Very nice! I got a little storri yesterday too, you have a nice setup.
Only thing i would change is to get some sand, preferably red and deep as mine has been digging like crazy all day!


----------



## Radar (Feb 17, 2013)

Are they V. s. storri or V. s. ocreatus? They do love sand, put any cage furnishings on the bottom of the tank and fill around them so the animals can't burrow under and have stuff collapse on them. They are great little reps, always so active.


----------



## manimal (Feb 17, 2013)

Chicken said:


> Very nice! I got a little storri yesterday too, you have a nice setup.
> Only thing i would change is to some sand, preferably red and deep as mine has been digging like crazy all day!

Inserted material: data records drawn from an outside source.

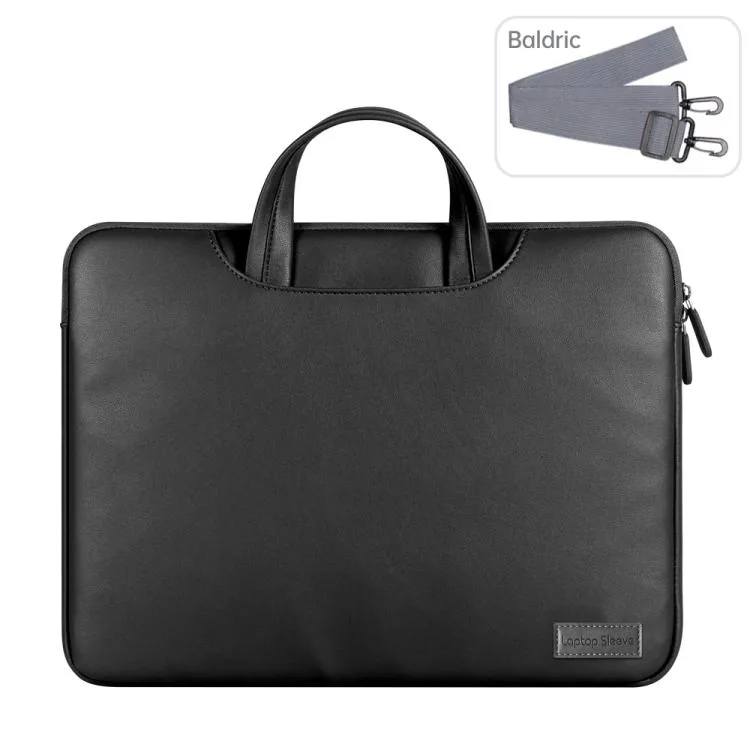 allentian allentian Waterproof PU Laptop Inner Bag 13 / 14 inch Black accessory — product photo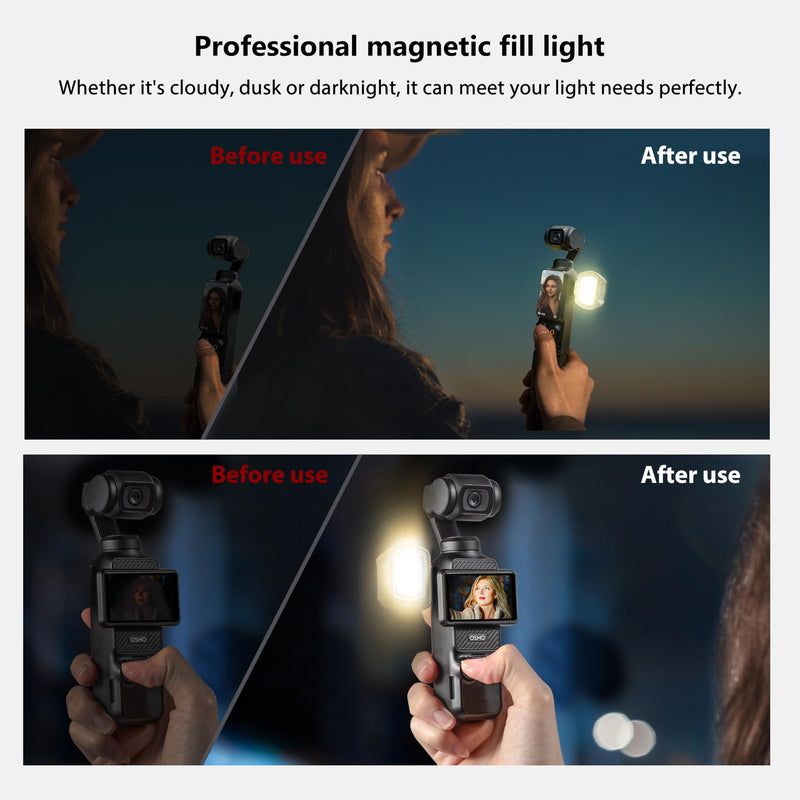 STARTRC Magnetic Fill Light for DJI Osmo Pocket 3 Creator Combo, Magnetic Mount Compatible with DJI Pocket 3/Pocket 2/Pocket Action Camera Accessories Osmo Pocket Series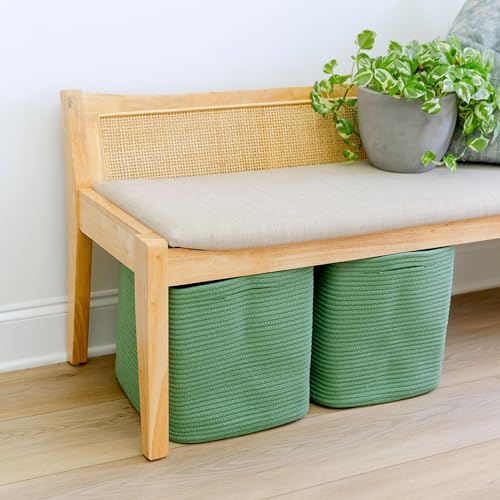 13 Inch Cube Storage Bins Cotton Rope Woven Baskets for Organizing 3 (3 Count)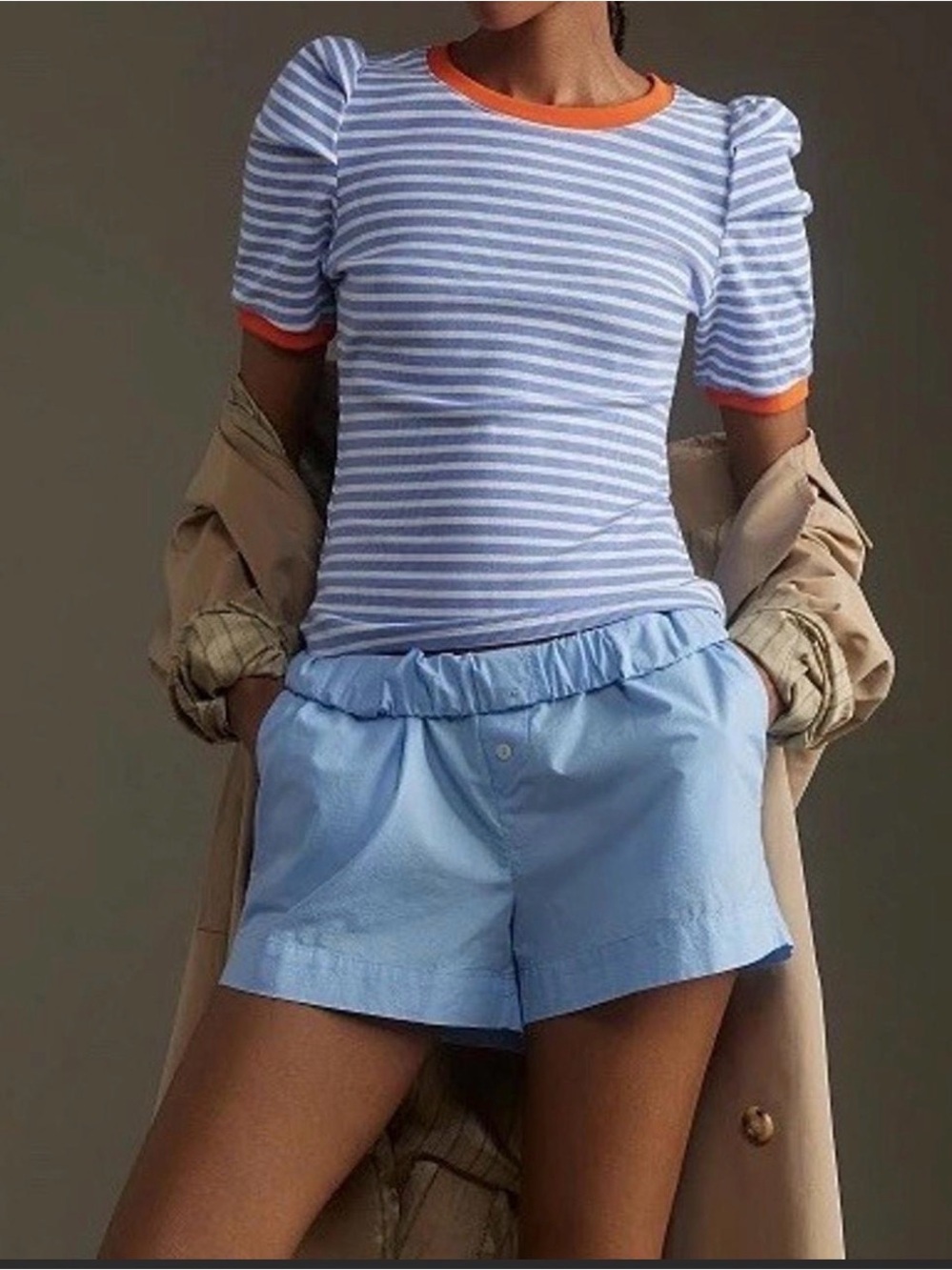 Anthropologie Maeve Blue-and-White Striped Puff-Sleeve Tee with Orange Trim - Picture 2 of 5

Sand is coming, but I thought I would let them get a little bigger. I dont want sand impaction, because they are so small. I might sound pedantic but I dont want to take any chances. Thanks for the suggestions though


----------



## Chondrobsessed (Feb 17, 2013)

Do these guys get as big as other monitors like lacies? I saw a couple hatchies at the expo and they where gecko small.


----------



## Pilbarensis (Feb 17, 2013)

Nah these are only little guys in monitor terms. Varanus storri storri are typically around 35cm. Still they have all the personality and character of a big monitor I've found.


----------



## manimal (Feb 17, 2013)

Chondrobsessed said:


> Do these guys get as big as other monitors like lacies? I saw a couple hatchies at the expo and they where gecko small.


They are a pygmy monitor with an average length of around 30 - 40 cm.


----------



## Chondrobsessed (Feb 17, 2013)

They were so cute! I like monitors and their personalities and looks but the size really puts me off. Ill have to keep these guys in mind for the far future. Thanks for the replies guys


----------